Peter E. Black is Professor of Water and Related Land Resources at the SUNY College of Environmental Science and Forestry in Syracuse, NY. He has taught and conducted research at SUNY since 1965. He was awarded the MF and MS degrees from the School of Natural Resources at the University of Michigan in 1956 and 1958, respectively, and the PhD degree in Watershed Management from Colorado State University in 1961. He was a Research Forester at the US Forest Service' Coweeta Hydrologic Laboratory in North Carolina from 1956 to 1959, and taught at Humboldt State College in Arcata, CA from 1961 to 1965. He has taught forest management, surveying, and forest hydrology, and currently offers graduate and undergraduate courses in water resources, watershed management, conservation policy, and environmental impact analysis.

Black has published an educational film, numerous articles on hydrology and water resources, and three books entitled Environmental Impact Analysis (Praeger, 1981), Conservation of Water and Related Land Resources (Rowman & Littlefield, Second Edition, 1987); and Watershed Hydrology (Prentice Hall, 1991). In 1974, he co-founded IMPACT CONSULTANTS, a private firm in Syracuse, for which he served as EIS project manager for twelve years. He is a member of several professional organizations, served as President (and held many other offices) in the American Water Resources Association, including General Chairperson for its 1987 Summer Symposium entitled Water Quality Monitoring, Modeling, and Mediation, its 1996 Summer Symposium entitled Watershed Restoration Management, and Building Interdisciplinary Water Resources Partnerships in 1998. Black holds Environmental Professional Certification by the National Association of Environmental Professionals and has served on its Education Committee.
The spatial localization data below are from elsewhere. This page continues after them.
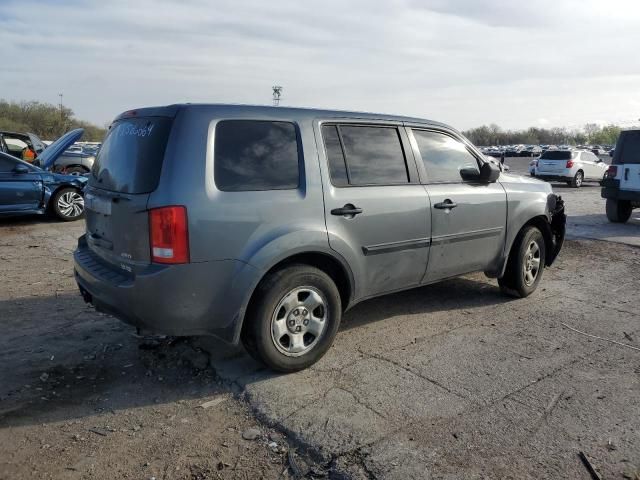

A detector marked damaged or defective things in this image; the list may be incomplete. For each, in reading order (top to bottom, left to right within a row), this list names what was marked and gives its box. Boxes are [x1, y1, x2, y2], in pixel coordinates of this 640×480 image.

damaged front bumper [544, 193, 564, 266]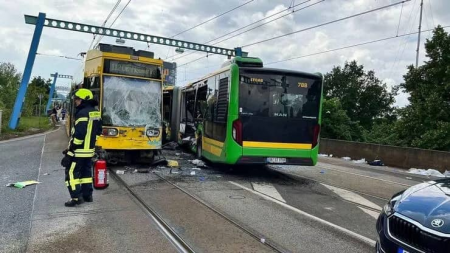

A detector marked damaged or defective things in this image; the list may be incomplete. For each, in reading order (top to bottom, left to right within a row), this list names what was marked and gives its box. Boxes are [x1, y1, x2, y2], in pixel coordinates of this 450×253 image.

damaged tram front [81, 43, 163, 164]
shattered tram windshield [102, 74, 162, 126]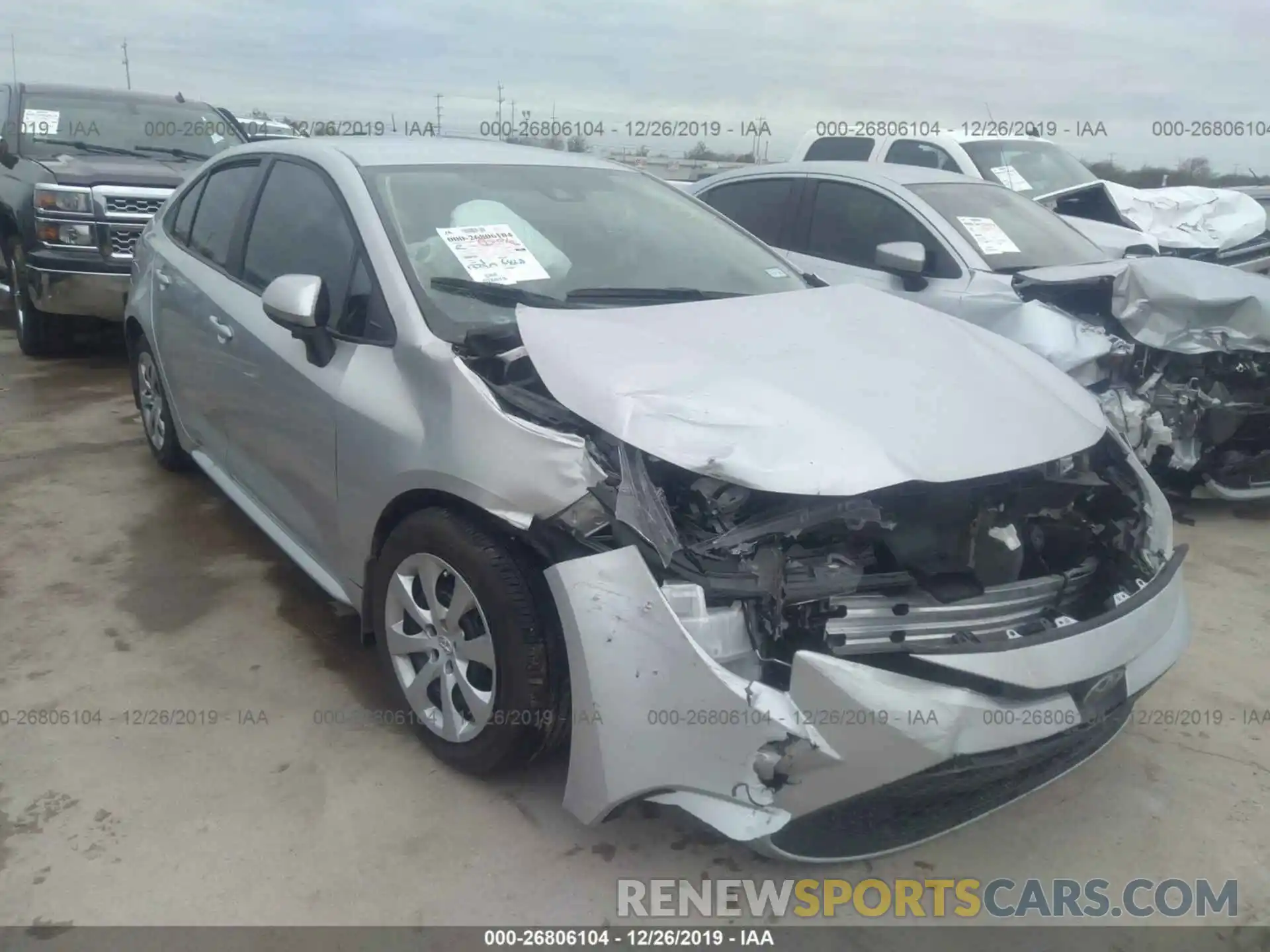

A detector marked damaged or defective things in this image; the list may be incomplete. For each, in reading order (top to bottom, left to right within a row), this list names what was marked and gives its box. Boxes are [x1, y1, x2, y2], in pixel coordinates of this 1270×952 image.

damaged white car [126, 139, 1189, 863]
crushed hood of background car [510, 282, 1107, 492]
crushed hood [510, 283, 1107, 495]
damaged front end [460, 333, 1189, 863]
detached bumper cover [546, 543, 1189, 863]
damaged white car [691, 165, 1270, 502]
crushed hood [1016, 257, 1270, 355]
damaged front end [1016, 258, 1270, 500]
He served on local and state advisory committees; the Board of Directors of the Universities Council on Water Resources (1994-97); and the US Army Corps of Engineers' Environmental Advisory Board in 1991-96, and its Chairperson in 1995-96, for which received the Commander's Award for Public Service in November, 1996. Black was appointed SUNY Distinguished Teaching Professor in 1997.
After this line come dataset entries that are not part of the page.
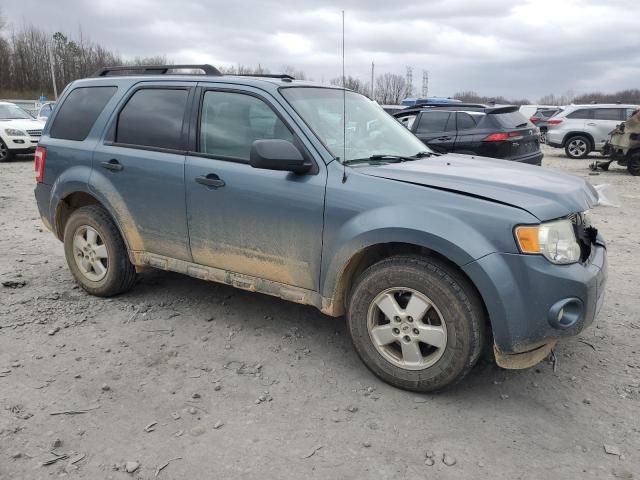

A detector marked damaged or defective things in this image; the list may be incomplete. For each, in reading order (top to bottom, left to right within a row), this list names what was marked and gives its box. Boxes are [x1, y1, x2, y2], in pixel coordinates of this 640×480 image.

damaged hood [358, 155, 596, 220]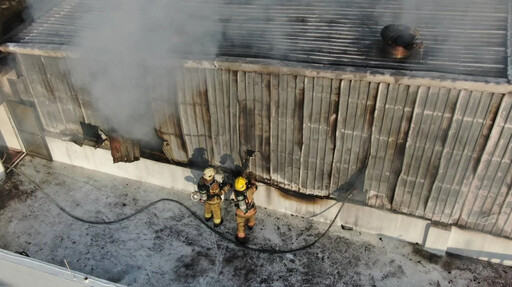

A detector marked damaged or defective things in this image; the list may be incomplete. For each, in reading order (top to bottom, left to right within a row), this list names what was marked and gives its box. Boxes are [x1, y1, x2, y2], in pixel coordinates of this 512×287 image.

damaged roof edge [3, 42, 512, 94]
rusted metal sheet [108, 137, 140, 164]
charred metal panel [394, 88, 458, 216]
charred metal panel [424, 91, 504, 224]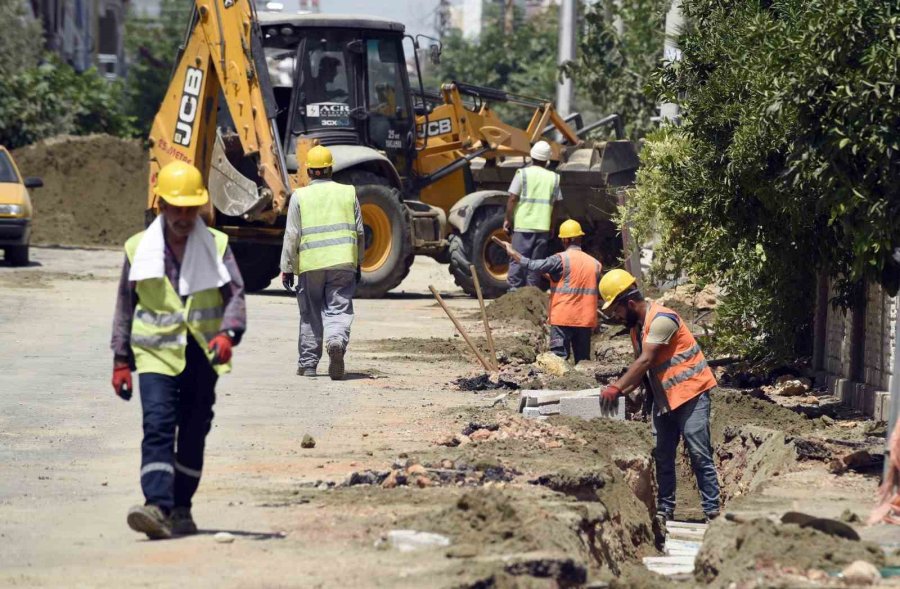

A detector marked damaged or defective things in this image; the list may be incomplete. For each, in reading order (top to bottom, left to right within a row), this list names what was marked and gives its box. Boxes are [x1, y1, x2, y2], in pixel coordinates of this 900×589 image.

broken concrete chunk [384, 528, 450, 552]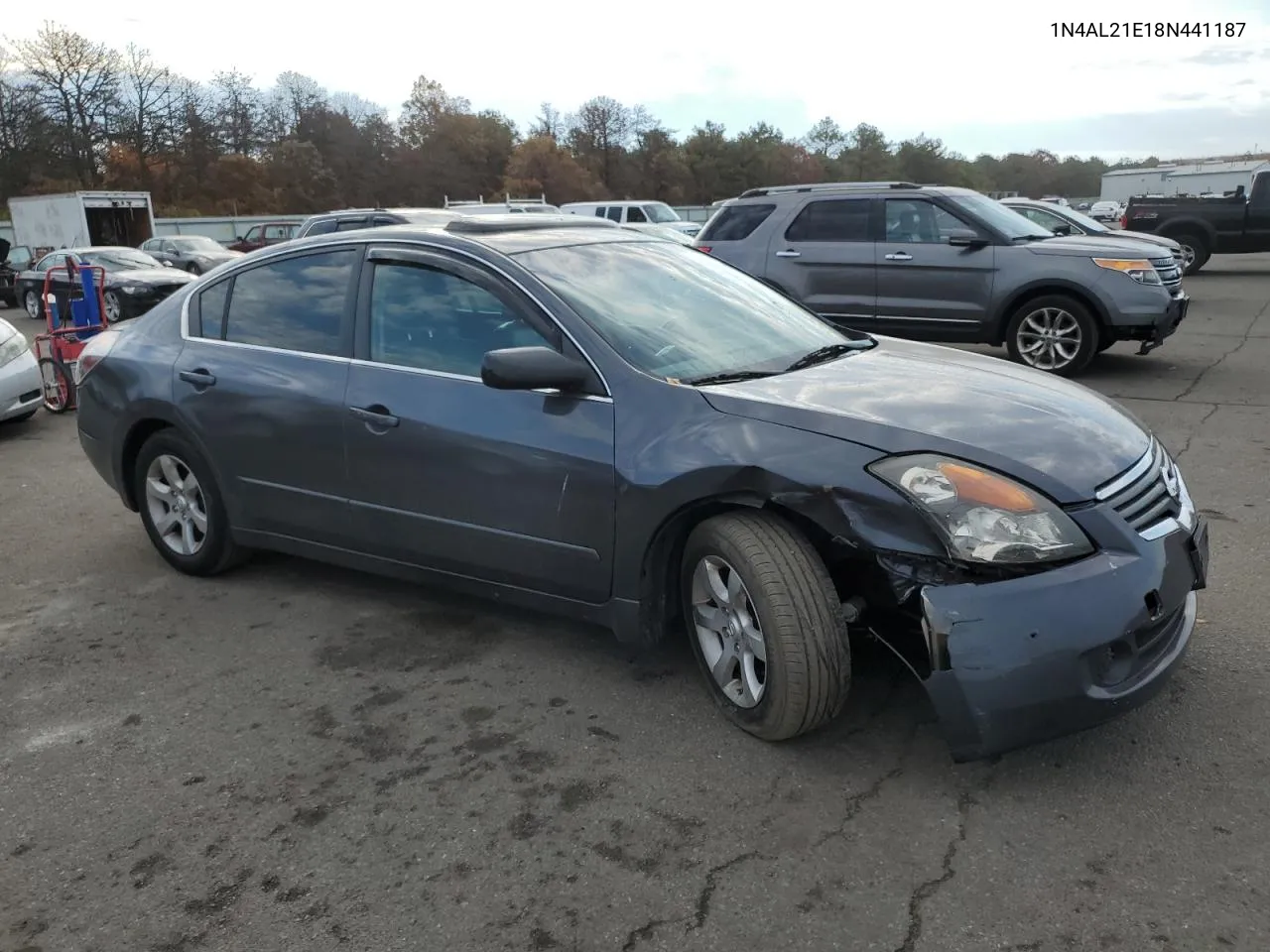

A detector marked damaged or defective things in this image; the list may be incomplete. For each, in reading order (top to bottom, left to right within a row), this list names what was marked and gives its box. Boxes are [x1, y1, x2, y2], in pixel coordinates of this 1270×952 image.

dented hood [705, 337, 1153, 508]
cracked asphalt [2, 254, 1270, 952]
damaged front bumper [919, 518, 1204, 767]
detached bumper cover [924, 518, 1199, 767]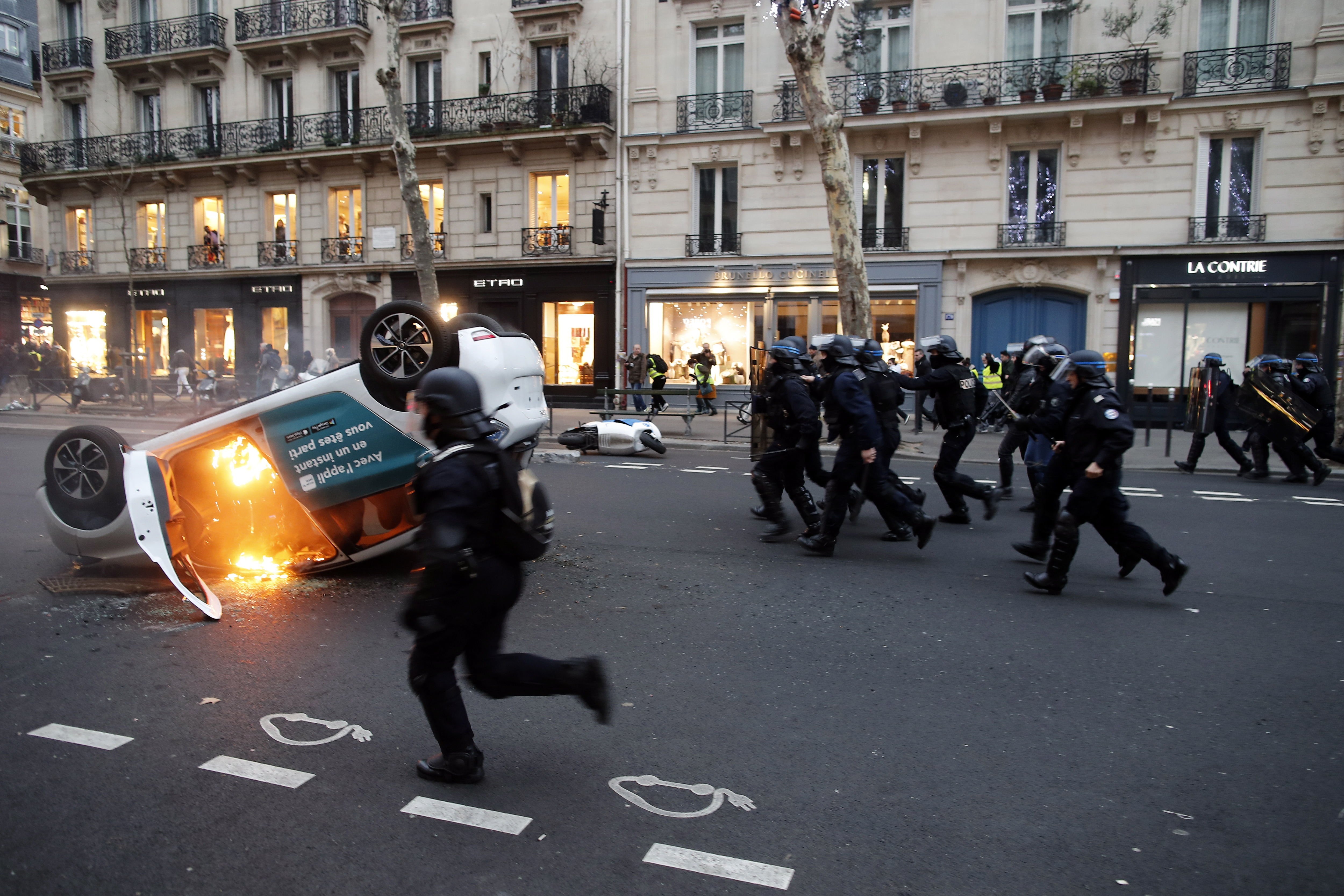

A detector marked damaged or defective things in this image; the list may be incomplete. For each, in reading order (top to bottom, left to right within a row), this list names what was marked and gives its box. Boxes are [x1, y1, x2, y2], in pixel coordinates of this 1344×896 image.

overturned car [42, 305, 546, 620]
Helen Ingram is the Warmington Endowed Chair in the School of Social Ecology and the Department of Political Sciences at the University of California, Irvine. She was previously director of the Udall Center for Studies in Public Policy at the University of Arizona, a professor in the Department of Political Science & the School of Public Administration and Policy, with a joint appointment in the Department of Hydrology and Water Resources. Dr. Ingram's research specialities are the policymaking process and policy implementation as well as, more recently, policy design. In the field of water resources she is best known for her contribution to the understanding of the politics of policymaking. Dr. Ingram has served on a number of National Research Council committees. She was also one of four U.S. members taking part in the NRC's binational study, "The Use of the Mexico City Aquifer as a Water Supply Resource." Her recent books include: Policy Design for Democracy (with Anne Schneider, 1997), Divided Water: Bridging the U.S.-Mexico Border (*with Nancy Laney and David Gillilan, 1995), Public Policy for Democracy (with S.R. Smith, 1993), Water Politics: Continuity and Change (1990), Does Anybody Win? The Community Consequences of Rural-to-Urban Water Transfers (with C.R. Oggins, 1990), and Water and Poverty in the Southwest (with L. Brown, 1987).